Circus scion named top-paid boss

A TOP City fund manager born into the Bertram Mills circus dynasty has been named as the highest-paid director of a publicly-quoted company.

Christopher Mills, chief executive of the obscure North Atlantic Smaller Companies Investment Trust but who also has a string of other directorships to his name, received a total package worth £4.87m last year.

The payout, which compares with £1.62m the previous year, exceeds even those received by such remuneration big-hitters as Vodafone's Sir Christopher Gent and Reckitt Benckiser's Bart Becht.

Mills, 50, who has been a senior City fund manager for more than 25 years, is a founder and chief investment officer of investment group JO Hambro Capital Management.

His package, which comprises a basic fee of just £10,000 topped up by a 40% cut of investors' fees and a performance fee, was massively boosted by a £3.5m one-off payment.

This was triggered by the scrapping of Mills's outstanding 900,000 shares options and their replacement with a new option scheme. Under the terms of his contract, Mills was entitled to the notional 'value' of the options at the time they were cancelled.

Mills, a grandson of circus impresario Bertram Mills, is known as one of the City's most powerful fund managers with the ability to make or break company management teams on both sides of the Atlantic. He is currently embroiled in a takeover bid for specialist book publisher Quarto.

The survey, conducted by the journal Labour Research, found that there are now a record 568 directors of public companies earning £500,000 or more with a combined pay package of around £515m.
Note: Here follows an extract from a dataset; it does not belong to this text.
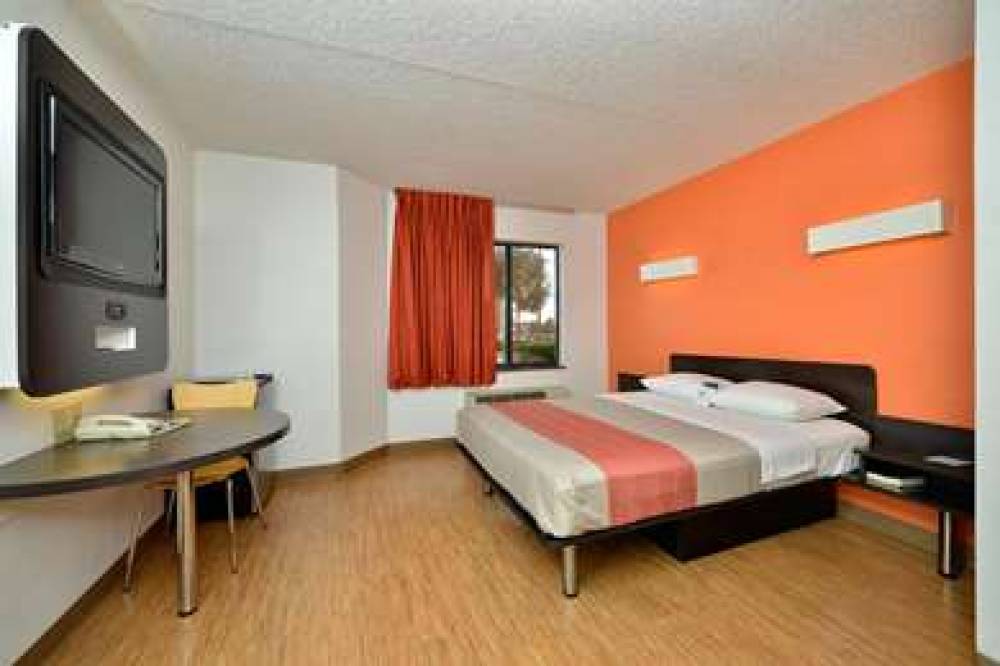 Motel 6 Plano - Preston Point 4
Their average pay increase last year was 12.4%, the ninth consecutive year of double digit growth. The report said: 'The bonanza in boardroom pay which has been running since the mid-1990s shows no signs of abating.'

After Mills, the top earners were Stanley Fink of hedge fund managers Man Group on £3.8m, up 18.5% on the previous year; Michael Spencer of City money broker ICAP (£3.7m, up 72.7%); Martin Bandier of music group EMI (£3.5m, down 5.3%) David Harding of bookies William Hill (£3.4m, up 615.9%)

Lawrence Fish of Royal Bank of Scotland (£3.4m, up 51.5%) BP's Lord Browne of Madingley (£3m, down 0.2%) Gent (£2.9m, up 19.9%) Sir Terry Leahy of Tesco (£2.8m up 15.5%) and David Reid, also of Tesco (£2.6m, up 31.2%).